Here we will see how to calculate the remainder of array multiplication after dividing the result by n. The array and the value of n are supplied by the user. Suppose the array is like {12, 35, 69, 74, 165, 54} so the multiplication will be (12 * 35 * 69 * 74 * 165 * 54) = 19107673200. Now if we want to get the remainder after dividing this by 47 it will be 14.

As we can see this problem is very simple. We can easily multiply the elements then by using modulus operator, it can get the result. But the main problem is when we calculate the multiplication, it may exceed the range of integer, or long also.

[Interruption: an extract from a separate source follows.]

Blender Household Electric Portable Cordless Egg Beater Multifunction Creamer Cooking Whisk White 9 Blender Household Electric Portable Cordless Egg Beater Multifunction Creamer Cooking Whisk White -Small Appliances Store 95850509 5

So it may return some invalid results. To overcome this problem, we will follow the modular arithmetic property: (a * b) % n = ((a % n) * (b % n)) % n.

Syntax

int multiplyRemainder(int arr[], int size, int n);

Algorithm

multiplyRemainder(arr, size, n)

begin
   mul := 1
   for i in range 0 to size − 1, do
      mul := (mul * (arr[i] mod n)) mod n
   done
   return mul mod n
end

Example

This example demonstrates how to find the remainder of array multiplication divided by n using modular arithmetic −

#include <stdio.h>

int multiplyRemainder(int arr[], int size, int n) {
    int mul = 1;
    for (int i = 0; i < size; i++) {
        mul = (mul * (arr[i] % n)) % n;
    }
    return mul % n;
}

int main() {
    int arr[6] = {12, 35, 69, 74, 165, 54};
    int size = 6;
    int n = 47;
    
    printf("Array elements: ");
    for (int i = 0; i < size; i++) {
        printf("%d ", arr[i]);
    }
    printf("\n");
    printf("Divisor (n): %d\n", n);
    printf("Remainder: %d\n", multiplyRemainder(arr, size, n));
    
    return 0;
}

Array elements: 12 35 69 74 165 54 
Divisor (n): 47
Remainder: 14

How It Works

The algorithm uses the modular arithmetic property to prevent integer overflow. Instead of multiplying all elements first and then taking modulo, we apply modulo at each step:

• Step 1: Initialize mul = 1
• Step 2: For each array element, apply: mul = (mul * (arr[i] % n)) % n
• Step 3: This ensures the intermediate result never exceeds n−1

Conclusion

Using modular arithmetic prevents integer overflow when finding the remainder of large multiplications. This approach efficiently handles arrays of any size while maintaining accuracy and staying within integer limits.